Dans ces circonstances, la volonté des citoyens est de plus en plus mise de côté et la branche exécutive de l'État jouit de plus en plus de pouvoir par rapport aux institutions législatives. C'est précisément pourquoi l'article 49.3 est important pour saisir le fonctionnement interne de l'État, car il permet au gouvernement français de diminuer le pouvoir du législatif et d'appliquer arbitrairement la loi. Il n'est pas surprenant que l'article 49.3 ait été modifié en 2008 afin que le pouvoir exécutif puisse acquérir un pouvoir discrétionnaire extraordinaire par rapport aux autres institutions politiques et juridiques.
Le moment est venu d'annoncer publiquement la fin de la démocratie libérale formelle en Occident, car les citoyens sont de plus en plus incapables de déterminer leur destin collectif par le biais des élections et de la représentation parlementaire. L'autoritarisme du gouvernement français n'est pas spécifique à Macron seul ; c'est une caractéristique fondamentale de l'État dans le capitalisme contemporain. L'organisation et la politique d'en bas sont confrontées à de grands défis dans une telle situation.

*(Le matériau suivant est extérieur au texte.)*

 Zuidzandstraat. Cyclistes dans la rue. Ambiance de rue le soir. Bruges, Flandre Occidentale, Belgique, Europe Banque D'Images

Ceci, cependant, est un sujet qui doit attendre une discussion future.
Notes
1 Pour une cartographie précise des lieux de manifestation, voir (en anglais) →.
2 Ce n'est bien sûr pas la première fois que les travailleurs, les syndicats et les organisations indépendantes de gauche se battent contre la réforme des retraites en France. En décembre 2019, juste avant le début de la pandémie, la plus grande grève de l'histoire de France depuis mai 1968 a été organisée pour protester contre les politiques de retraite néolibérales. Le métro parisien a suspendu son service pendant au moins un mois.
3 Le gouvernement de François Hollande a utilisé la même astuce juridique pour mettre en œuvre des modifications néolibérales du droit du travail en 2016.
4 Les Décodeurs, « Constitution française : comment l'article 49.3 permet-il à un projet de loi d'être adopté sans vote ? Le Monde, 19 octobre 2022 (en anglais) →.
5 Theodor W. Adorno, Minima Moralia : Réflexions sur la vie mutilée (Payot, 2003).
6 Voir la lettre écrite par les parents de Serge, un militant de gauche qui figurait sur la liste de surveillance de la sécurité de l'État et qui est aujourd'hui dans le coma suite à des brutalités policières (en anglais) →.
7 Au sujet de la répression, voir « France in Flames », Crimeth Inc., 30 mars 2023 →.
8 Il serait banal de dire que le capital prend une forme singulière lorsqu'il « s'adapte » aux singularités locales et culturelles, se différenciant des autres capitalismes développés ailleurs. Plus intéressant serait de poser que la reproduction globale du capital est intrinsèquement et activement marquée par des inégalités et des différentiels sociaux.